Find relevant keywords from our database of over 8 billion queries. Just enter up to ten words or phrases and choose from one of six keyword ideas reports.
- Keywords that contain your seed in the order it’s written.
Fill your content calendar for weeks, months, or even years in minutes.
See key SEO metrics
Every keyword comes complete with local and global monthly search volume estimates and other advanced SEO metrics — all powered by clickstream data.
Use these metrics to help choose the best keywords to target across 243 countries.
Find easy keywords to rank for
Combine filters to find untapped keywords with high organic traffic potential and low Keyword Difficulty scores.
Dig deeper with filters for cost-per-click (CPC), SERP features, word count, and more.
Identify long-tail keywords
Look for groups of keywords with the same Parent topic to find long-tail variations and subtopics.
Consider tackling relevant subtopics in your content to improve your chances of ranking for related queries.
Analyze the competition
Check key SEO metrics for the current top-ranking pages to see what you’re up against, and how difficult it might be to crack the first page.

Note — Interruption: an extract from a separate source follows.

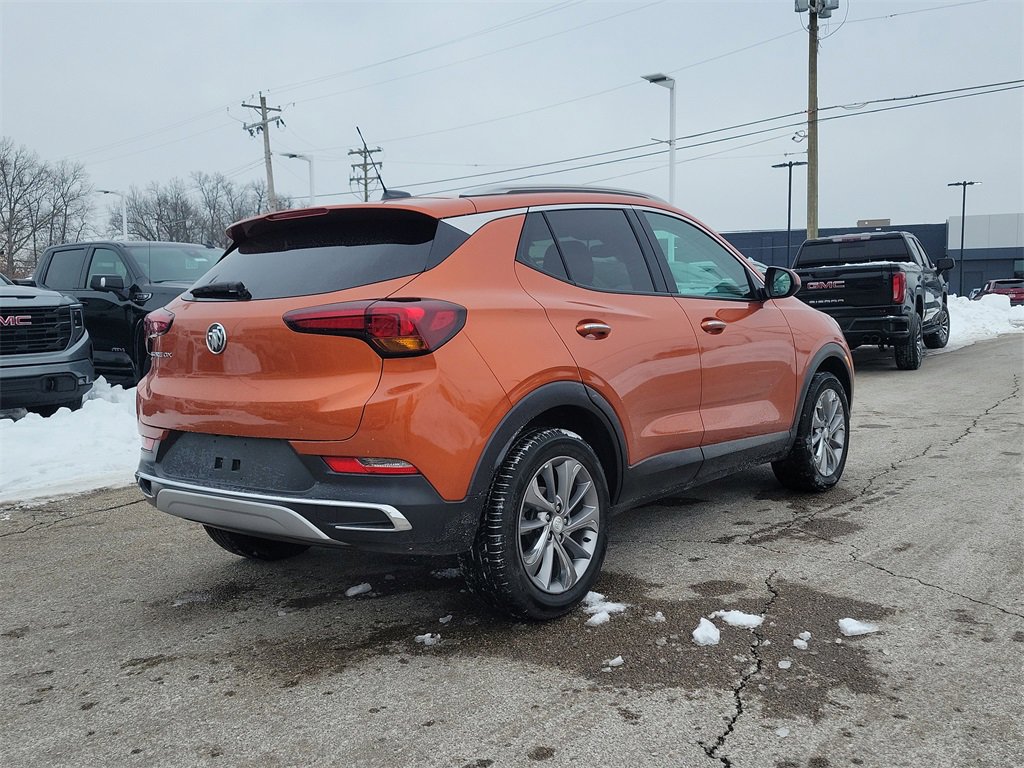 Used 2023 Buick Encore GX Essence w/ Experience Buick Package image 10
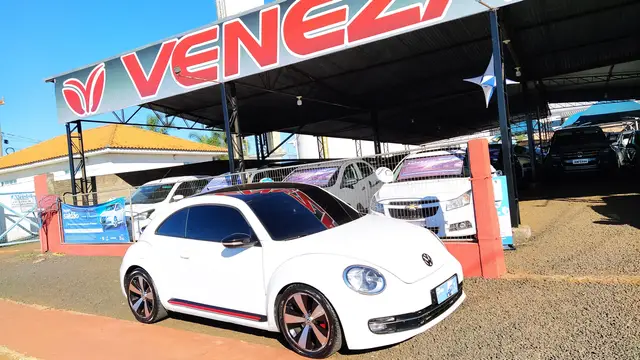 Carro Volkswagen Fusca 2013 2.0 TSi Sport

Look at each page’s estimated monthly organic traffic to gauge the true traffic potential of any keyword.
Go beyond Google
Research keyword ideas in nine other search engines: YouTube, Bing, Yahoo, Amazon, Yandex, Baidu—the list goes on.

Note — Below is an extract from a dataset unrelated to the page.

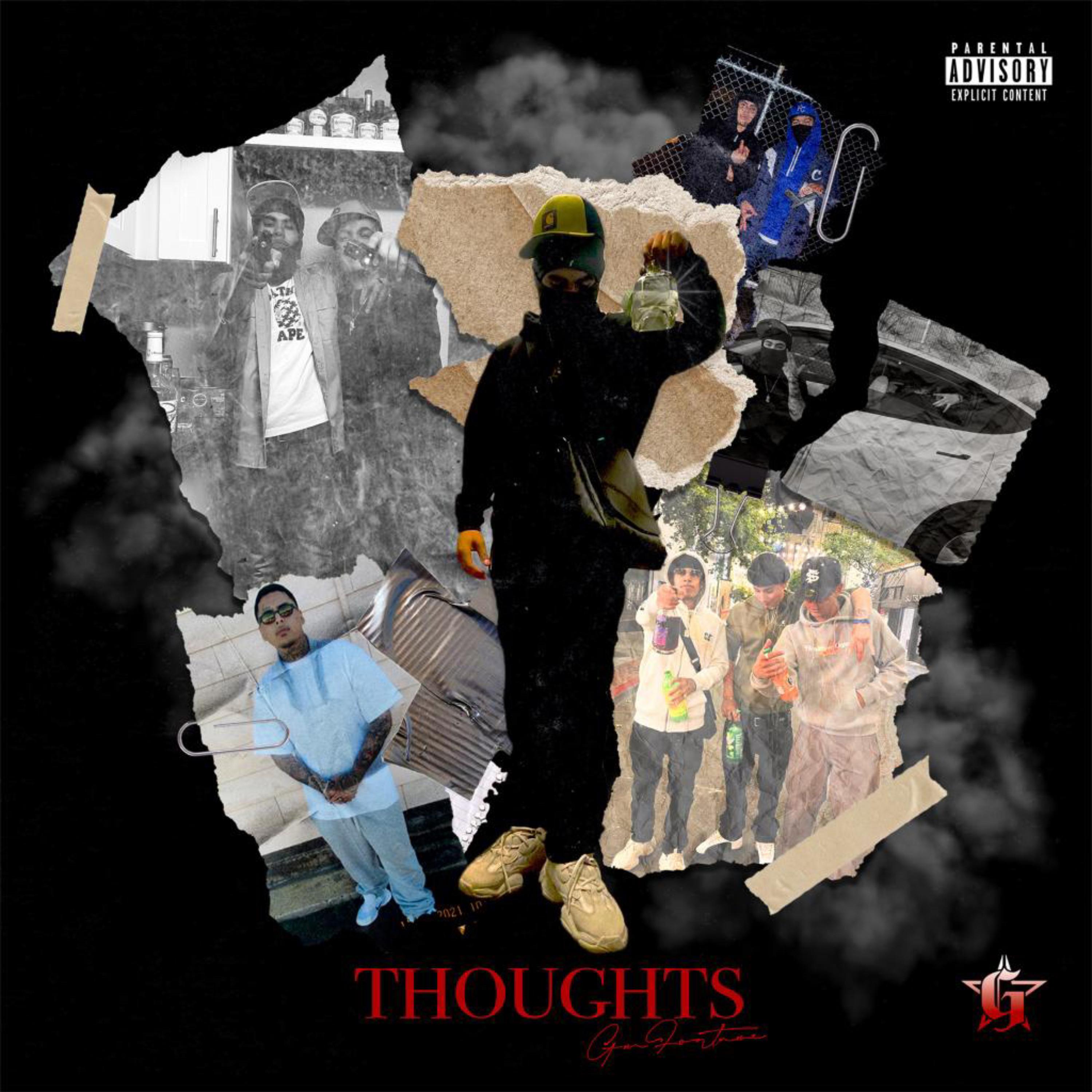 Thoughts artwork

Learn what people are searching for, practically anywhere.
Save keyword ideas
Create lists of your best keywords in a couple of clicks.

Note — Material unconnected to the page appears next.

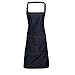 Algopix Similar Product 17 - Premier Jeans Stitch Bib Apron  Indigo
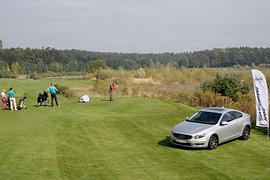 Volvo engagiert sich weiter im Golf-Sport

Export the data in seconds.
Google ranks content for relevance. This is where the concept of search intent comes in. Your content will only rank for a keyword if it meets the searchers’ needs.
In addition, your content must be the best resource out there for the query. After all, why would Google rank your content higher if it provides less value than other content that exists on the web?
Google will provide more weight to sources it deems authoritative. That means you must do all you can to become an authoritative source by enriching your site with helpful, information content and promoting that content to earn social signals and backlinks.
If you’re not seen as authoritative in the space, or if a keyword’s SERPs are loaded with heavy sources you can’t compete with (like Forbes or The Mayo Clinic), you have a lower chance of ranking unless your content is exceptional.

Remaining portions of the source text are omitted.